Random popups are usually unpleasant because they slow down the processing activities of a device which gives a frustrating experience for the user. This is a robust sign that a device has been compromised by hackers. The indicator here is the receipt of random browser pop-ups from websites, social accounts, applications and software that perceive or decode that your system has been compromised.

2. Receipt of bank debits for unfamiliar transactions.
If you receive bank debits for transactions you did not make, this is an indication that your bank details have been accessed by hackers. Typically, in this instance a large sum of money is transferred often to an off-shore, foreign currency-related platform. It is a generally held position that a bank customer plays a significant role in the management of the risk around his account. Therefore it is important to freeze your accounts and contact your bank for further action immediately upon detecting an unfamiliar transaction.

3. Unusual messages and suspicious posts on social media.

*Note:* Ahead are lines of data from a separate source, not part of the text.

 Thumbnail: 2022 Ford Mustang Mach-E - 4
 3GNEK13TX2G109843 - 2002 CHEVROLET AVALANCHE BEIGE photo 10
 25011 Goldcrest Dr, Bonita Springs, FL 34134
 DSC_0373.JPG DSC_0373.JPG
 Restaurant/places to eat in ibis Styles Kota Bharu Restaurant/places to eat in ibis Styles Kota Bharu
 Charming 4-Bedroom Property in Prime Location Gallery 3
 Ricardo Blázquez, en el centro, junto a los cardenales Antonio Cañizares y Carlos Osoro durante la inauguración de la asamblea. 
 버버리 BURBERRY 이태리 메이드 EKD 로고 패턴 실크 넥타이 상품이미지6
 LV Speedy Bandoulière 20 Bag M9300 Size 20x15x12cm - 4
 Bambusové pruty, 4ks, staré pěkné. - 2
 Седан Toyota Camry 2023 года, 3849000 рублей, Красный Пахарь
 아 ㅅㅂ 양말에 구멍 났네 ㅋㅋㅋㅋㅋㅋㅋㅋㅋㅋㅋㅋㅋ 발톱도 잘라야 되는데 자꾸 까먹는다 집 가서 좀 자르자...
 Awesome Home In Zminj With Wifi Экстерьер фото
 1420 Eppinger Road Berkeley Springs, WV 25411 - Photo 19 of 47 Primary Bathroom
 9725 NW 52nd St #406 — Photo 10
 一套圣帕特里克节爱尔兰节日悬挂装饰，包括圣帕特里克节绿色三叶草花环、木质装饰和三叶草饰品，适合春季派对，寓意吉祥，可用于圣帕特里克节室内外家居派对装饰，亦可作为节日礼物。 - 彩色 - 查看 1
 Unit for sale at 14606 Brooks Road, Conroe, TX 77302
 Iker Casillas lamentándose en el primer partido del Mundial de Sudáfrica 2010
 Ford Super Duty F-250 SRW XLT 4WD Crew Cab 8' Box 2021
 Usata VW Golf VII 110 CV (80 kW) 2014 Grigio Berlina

It is common place to receive broadcast messages from your contacts announcing the compromise of their account and advising non-interaction. This is because hackers gain access to devices and target close and trusted associates of the owner for scamming. Under the cover of the victim’s identity, they send malicious or deceptive links and posts to third parties. It is therefore important to regularly check your social media profiles for objectionable activities.

4. Random advertisements after installation of new software.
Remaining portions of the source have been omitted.